Principal Engineer - Drug Substance Technology and Engineering
Amgen is seeking a Principal Engineer in our Drug Substance Technology and Engineering team, to be based in our Cambridge, MA office. The Principal Engineer will report to the Director of Process Development and will have managerial responsibilities.
The Principal Engineer will be responsible for the technology transfer and commercial support of biologics drug substance processes across the network, including both the Amgen manufacturing network and Contract Manufacturing Organizations. Working with a group of engineers and scientists, the Principal Engineer will lead teams across sites and disciplines using engineering principles to implement manufacturing process in a cGMP environment. Beyond the advancement of commercial and pipeline molecules, the Incumbent is expected to drive forward functional and cross-functional initiatives employing strategic approaches.

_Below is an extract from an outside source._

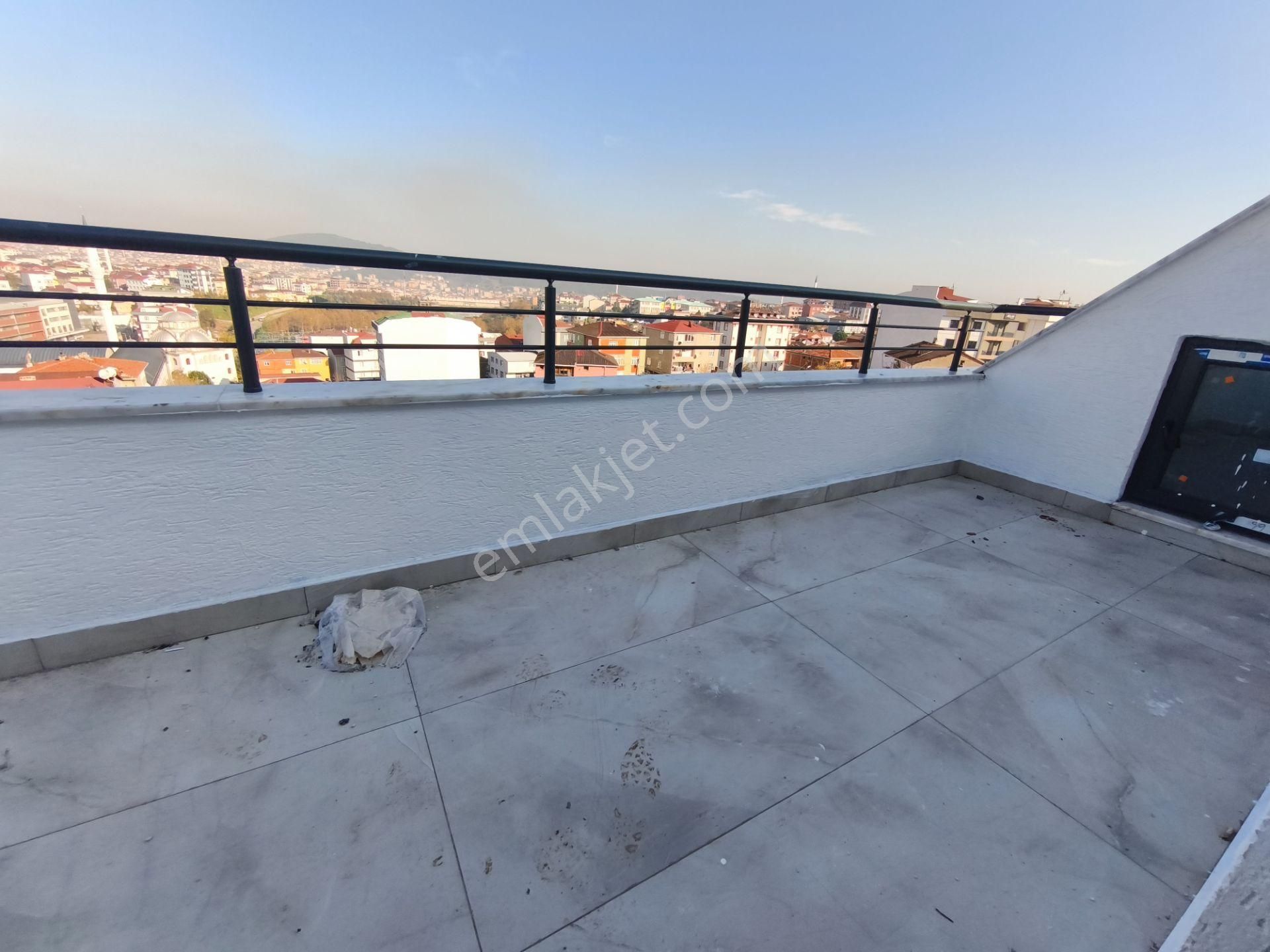 Acil Sultanbeyli De Satılık 210 M.4+2 Üst Düblx - Görsel 18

Doctorate degree and 2 years of Engineering and/or Operations experience
Master's degree and 6 years of Engineering and/or Operations experience
Bachelor's degree and 8 years of Engineering and/or Operations experience
Associate's degree and 10 years of Engineering and/or Operations experience
High school diploma / GED and 12 years of Engineering and/or Operations experience
2 years of managerial experience directly managing people and/or leadership experience leading teams, projects, programs or directing the allocation of resources
- 8 years of experience in a Process Development/Process Engineering environment, with specific experience in the implementation and support of biopharmaceutical manufacturing processes
- Proven ability to manage and deliver results in a highly fluid, interactive matrixed environment
- Experience in process scale-up and technology transfer from laboratory to pilot and/or manufacturing scale
- Experience working with commercial manufacture of biologics using single use technology
- Strong understanding cGMP requirements
- Experience with regulatory filings and inspections
- Experience related to upstream and/or downstream biologics process development technology transfer, scale-up and ongoing manufacturing of biologics (cGMP) including technical support for nonconformance investigations and other commercial support activities
- Experience in working with design and optimization of pharmaceutical processing unit operations including cell expansion, harvest, clarification, Protein A, IEX, SEC, TFF, UFDF, and sterile filtration among others for a variety of biological molecules
- Deep understanding of operational aspects of biopharma and/or engineering industries
- Ability to apply engineering principles and statistical analysis, including design of experiments, in-order to solve processing issues and evaluate opportunities for process improvements
- Experience in the analysis of data generated from a variety of analytical techniques
- Strong oral and verbal communication and presentation skills enabling strong relationships with internal and external stakeholders
- Ability to derive insightful strategies to improve business processes
- Experience in supervision of direct reports and mentoring of matrix-team members
- Fluency in one or more foreign languages
Amgen is committed to unlocking the potential of biology for patients suffering from serious illnesses by discovering, developing, manufacturing and delivering innovative human therapeutics. This approach begins by using tools like advanced human genetics to unravel the complexities of disease and understand the fundamentals of human biology.
Amgen focuses on areas of high unmet medical need and leverages its expertise to strive for solutions that improve health outcomes and dramatically improve people's lives. A biotechnology pioneer since 1980, Amgen has grown to be one of the world's leading independent biotechnology companies, has reached millions of patients around the world and is developing a pipeline of medicines with breakaway potential.